A large part of the operations research community has focused on building and using Hole Hawgs. Not everyone needs one. Stephenson recognizes this; his view is balanced and insightful. He says of graphical user interfaces:
It simply is the case that we are way too busy, nowadays, to comprehend everything in detail. And it’s better to comprehend it dimly, through an interface, than not at all.

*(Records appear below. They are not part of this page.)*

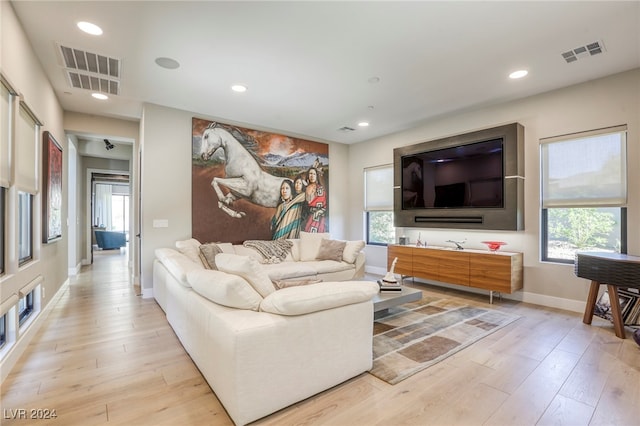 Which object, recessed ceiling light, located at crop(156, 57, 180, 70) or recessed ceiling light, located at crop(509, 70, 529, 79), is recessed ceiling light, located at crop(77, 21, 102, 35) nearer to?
recessed ceiling light, located at crop(156, 57, 180, 70)

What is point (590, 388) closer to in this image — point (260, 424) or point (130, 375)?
point (260, 424)

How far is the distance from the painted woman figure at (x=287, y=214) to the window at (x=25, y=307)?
327 cm

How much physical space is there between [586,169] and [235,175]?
195 inches

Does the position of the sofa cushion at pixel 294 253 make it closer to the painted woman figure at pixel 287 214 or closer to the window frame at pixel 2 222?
the painted woman figure at pixel 287 214

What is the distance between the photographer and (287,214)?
5777 mm

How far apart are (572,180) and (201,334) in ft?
15.0

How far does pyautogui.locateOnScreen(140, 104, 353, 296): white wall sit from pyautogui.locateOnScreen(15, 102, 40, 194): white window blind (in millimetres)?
1284

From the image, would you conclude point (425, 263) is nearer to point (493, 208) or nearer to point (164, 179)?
point (493, 208)

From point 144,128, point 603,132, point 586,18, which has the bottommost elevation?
point 603,132

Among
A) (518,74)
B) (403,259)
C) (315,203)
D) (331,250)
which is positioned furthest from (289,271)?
(518,74)

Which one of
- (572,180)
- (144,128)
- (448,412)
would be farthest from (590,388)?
(144,128)

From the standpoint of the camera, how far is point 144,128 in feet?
14.4

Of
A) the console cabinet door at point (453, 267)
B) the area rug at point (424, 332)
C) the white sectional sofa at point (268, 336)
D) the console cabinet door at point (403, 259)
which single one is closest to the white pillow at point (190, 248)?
the white sectional sofa at point (268, 336)

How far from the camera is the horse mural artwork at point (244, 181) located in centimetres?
484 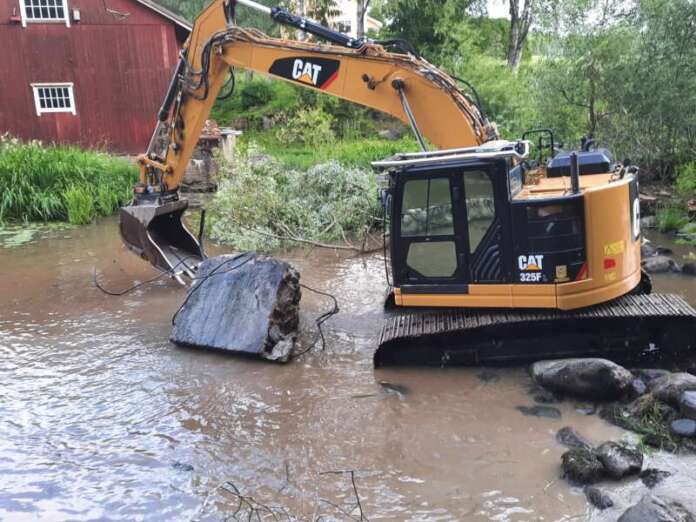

Continuing the drill metaphor, many of us want the Black and Decker at Home Depot (or just pay a contractor). The “new analytics” community understand this better: they speak of learners, predicting, and classifying. Many OR folks sneer when someone (an MBA?) goes so far as to say “goal seeking”. I haven’t heard anyone simply say “deciding”, although that’s what solvers do. Data scientists see a problem and think about whether they need a predictor, or a classifier, or whatever, and go and grab their favorite one and see if it works, and if it doesn’t they try another. Practitioners will pick up OR tools when they are easier to use and general purpose – even if raw power is sacrificed. Most of this community does not understand the staggering power that certain operations research tools (such as mixed integer programming) provide. Who could believe that mixed integer programming solvers have sped up by a factor of 5,600,000,000 since 1990? Concorde is incredible, but a far paler variant of Concorde as modeled using mixed integer programming is almost unspeakably powerful compared to a genetic algorithm. The giant caveat is that for this community, if the phrase “subtour elimination” is involved, or arguably even if the practitioner has to recognize the damn thing as a TSP, OR loses. People like Bill Cook have more than done their part by building such great tools and showing how they can be used. We need more of that, and to push it even farther, lest the narrative remain unchanged. As Matthew Saltzman rightly points out:
— Matthew Saltzman (@SaltzmanMJ) March 13, 2015
Are we going to expect people to know these things in order to realize OR’s benefits? I hope not.
(That said, I don’t want to let the broader analytics community off the hook – I will examine that topic next time.)
(1) Read the whole thing if you’ve got time. Otherwise you will miss stuff like “This is exactly how the World Wide Web works: the HTML files are the pithy description on the paper tape, and your Web browser is Ronald Reagan.”